September is my favorite month in which to visit the Farmers Market in Minnesota. Harvest is rolling in and the selection of fresh veggies is wide and varied.
Saturday at the Mankato Farmer’s Market (located next to the Best Buy off Adams Street in Mankato) we found eggplant, yellow summer squash, zucchini, green and yellow beans, kohlrabi, tomatoes, beets, sweet corn, onions, shallots, potatoes in four colors, some late rhubarb, and a ton of fresh greens.
We also found, since we were later than normal, that our favorite bakery booth was down to one table. We snapped up the last two cinnamon rolls and one loaf of rustic Roma bread.

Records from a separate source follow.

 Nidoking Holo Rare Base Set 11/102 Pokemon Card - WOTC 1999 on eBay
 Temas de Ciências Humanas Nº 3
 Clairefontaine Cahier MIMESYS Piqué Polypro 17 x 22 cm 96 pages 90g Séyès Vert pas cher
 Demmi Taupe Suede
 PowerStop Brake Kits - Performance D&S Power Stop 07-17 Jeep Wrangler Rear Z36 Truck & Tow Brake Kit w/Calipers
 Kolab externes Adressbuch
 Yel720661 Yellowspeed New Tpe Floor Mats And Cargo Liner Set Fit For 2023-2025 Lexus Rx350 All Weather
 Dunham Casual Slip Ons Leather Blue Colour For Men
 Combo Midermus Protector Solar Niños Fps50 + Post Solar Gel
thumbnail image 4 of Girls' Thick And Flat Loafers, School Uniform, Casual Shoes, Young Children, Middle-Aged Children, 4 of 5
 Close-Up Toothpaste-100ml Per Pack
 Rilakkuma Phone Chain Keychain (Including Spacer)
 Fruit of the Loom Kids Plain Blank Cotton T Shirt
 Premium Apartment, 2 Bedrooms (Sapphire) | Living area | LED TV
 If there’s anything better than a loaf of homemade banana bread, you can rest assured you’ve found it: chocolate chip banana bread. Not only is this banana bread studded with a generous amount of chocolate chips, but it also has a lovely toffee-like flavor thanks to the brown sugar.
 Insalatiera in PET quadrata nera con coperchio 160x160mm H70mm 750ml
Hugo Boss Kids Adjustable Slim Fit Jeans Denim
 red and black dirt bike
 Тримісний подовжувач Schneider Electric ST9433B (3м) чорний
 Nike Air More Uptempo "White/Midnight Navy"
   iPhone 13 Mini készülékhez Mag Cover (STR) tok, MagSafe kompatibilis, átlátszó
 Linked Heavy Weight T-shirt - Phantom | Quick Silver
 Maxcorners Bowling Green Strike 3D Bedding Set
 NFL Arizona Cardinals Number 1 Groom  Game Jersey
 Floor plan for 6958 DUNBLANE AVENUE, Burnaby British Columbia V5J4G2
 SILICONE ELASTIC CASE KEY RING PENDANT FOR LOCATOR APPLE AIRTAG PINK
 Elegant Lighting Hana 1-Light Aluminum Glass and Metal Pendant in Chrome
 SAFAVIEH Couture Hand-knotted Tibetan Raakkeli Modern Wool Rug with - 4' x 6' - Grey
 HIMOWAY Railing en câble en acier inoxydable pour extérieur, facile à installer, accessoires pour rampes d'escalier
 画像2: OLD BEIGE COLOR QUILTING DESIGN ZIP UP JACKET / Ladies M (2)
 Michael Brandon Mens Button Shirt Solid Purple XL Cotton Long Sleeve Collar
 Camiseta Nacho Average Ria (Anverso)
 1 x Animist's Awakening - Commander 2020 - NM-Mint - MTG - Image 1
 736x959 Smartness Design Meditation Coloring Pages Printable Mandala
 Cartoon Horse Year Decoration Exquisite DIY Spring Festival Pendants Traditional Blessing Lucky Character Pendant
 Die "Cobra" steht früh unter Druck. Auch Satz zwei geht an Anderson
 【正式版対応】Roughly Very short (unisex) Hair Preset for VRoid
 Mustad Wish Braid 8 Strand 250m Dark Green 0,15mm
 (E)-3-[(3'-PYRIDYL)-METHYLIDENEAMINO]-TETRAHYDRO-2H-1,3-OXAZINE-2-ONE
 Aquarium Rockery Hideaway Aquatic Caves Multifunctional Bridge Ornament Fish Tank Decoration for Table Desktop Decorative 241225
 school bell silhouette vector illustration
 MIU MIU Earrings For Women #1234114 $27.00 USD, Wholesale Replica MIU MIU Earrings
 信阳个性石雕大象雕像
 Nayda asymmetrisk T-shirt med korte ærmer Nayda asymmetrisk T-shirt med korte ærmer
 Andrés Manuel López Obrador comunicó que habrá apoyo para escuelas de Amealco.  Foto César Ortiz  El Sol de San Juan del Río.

I like to garden, but I don’t have much space, so stopping by the Farmer’s Market is the next best thing. Lunch on Farmer’s Market day always depends on what’s available, and when tomatoes are in season, we often go straight for a classic BLT on the bakery stand’s fresh Ciabatta bread.
But sometimes, we get a little crazier. One of my favorite things to do is make a fresh vegetable “sauce” for angel hair pasta for lunch. My favorite combination of veggies for this is in season right now in Minnesota, and here’s the recipe:
Market Pasta (serves 4)
8 oz Angel hair pasta, cooked and drained. (Reserve one cup of cooking liquid).
1 Japanese eggplant, sliced on the diagonal
1 yellow summer squash, sliced on the diagonal
1 small zucchini, sliced on the diagonal
1 small shallot
1 T each fresh chopped basil and oregano
Olive oil for the pan
Parmesan cheese, salt and pepper to taste
This is basically an Italian stir-fry. In a large skillet, sauté the vegetables in olive oil until fork tender. Season with salt, pepper and stir in the herbs. Let the herbs wilt a bit, then add the cooked and drained pasta. Fold together; add Parmesan to taste and enough cooking liquid to keep it together. Serve hot, with more Parmesan at the table.